Оставим в стороне выражения вроде «большое дитя» (поистине детскую наивность проявили как раз вожаки Февраля, совершенно не понимавшие, чем обернется для них самих разрушение Государства); существенна мысль о «блаженной» беспредельной воле, мечта о которой всегда жила в народных глубинах и со всей очевидностью воплотилась в русском фольклоре — и во множестве лирических песен, и в заветных сказках о не подвластных никому и ничему Иванушке и тезке Пугачева — Емеле…
Но совершенно ясно (об этом уже шла речь выше), что при таком безгранично вольном, пользуясь модным термином, «менталитете» народа само бытие России попросту невозможно, немыслимо без мощной и твердой государственной власти; власть западноевропейского типа, о коей грезили герои Февраля, для России заведомо и полностью непригодна…
И, взяв в октябре власть, большевики в течение длительного времени боролись вовсе не за социализм-коммунизм, а за удержание и упрочение власти, — хотя мало кто из них сознавал это с действительной ясностью. То, что было названо периодом «военного коммунизма» (1918 — начало 1921 года), на деле являло собой «бешеную», по слову Троцкого, борьбу за утверждение власти, а не создание определенной социально-экономической системы; в высшей степени характерно, что, так или иначе утвердив к 1921 году границы и устои государства, большевики провозгласили «новую» экономическую политику (нэп), которая в действительности была вовсе не «новой», ибо, по сути дела, возвращала страну к прежним хозяйственным и бытовым основам. Реальное «строительство» социализма-коммунизма началось лишь к концу 1920-х годов.
Сами большевики определяли нэп как свое «отступление» в экономической сфере, но это, в сущности, миф, ибо «отступать» можно от чего-то уже достигнутого. Между тем к 1921 году подавляющее большинство — примерно 90 процентов — промышленных предприятий просто не работало (ни по-капиталистически, ни по-коммунистически), а крестьяне работали и жили, в общем, так же, как и до 1917 года (хотя имели до 1921 года очень мало возможностей для торговли своей продукцией). Слово «отступление» призвано было, в сущности, «успокоить» тех, кто считал Россию уже в каком-то смысле социалистически-коммунистической страной: Россия, мол, только на некоторое время вернется от коммунизма к старым экономическим порядкам.
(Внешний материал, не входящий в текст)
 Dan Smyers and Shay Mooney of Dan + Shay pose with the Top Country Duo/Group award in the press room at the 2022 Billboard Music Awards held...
Подлинно глубокий историк и мыслитель Л. П. Карсавин, высланный за границу в ноябре 1922 года, писал в своем трактате, изданном в следующем же, 1923 году в Берлине: «Тысячи наивных коммунистов… искренне верили в то, что, закрывая рынки и «уничтожая капитал», они вводят социализм… Но разве нет непрерывной связи этой политики с экономическими мерами последних царских министров, с программою того же Риттиха (министр земледелия в 1916 — начале 1917 г. — В.К.)? Возможно ли было в стране с бегущей по всем дорогам армией, с разрушающимся транспортом… спасти города от абсолютного голода иначе, как реквизируя и распределяя, грабя банки, магазины, рынки, прекращая свободную торговлю? Даже этими героическими средствами достигалось спасение от голодной смерти только части городского населения и вместе с ним правительственного аппарата: другая часть вымирала. И можно ли было заставить работать необходимый для всей этой политики аппарат — матросов, красноармейцев, юнцов-революционеров иначе, как с помощью понятных и давно знакомых им по социалистической пропаганде лозунгов?., коммунистическая идеология (так называемый «военный коммунизм». — В.К.) оказалась полезною этикеткою для жестокой необходимости… И немудрено, что, плывя по течению, большевики воображали, будто вводят коммунизм»{25}.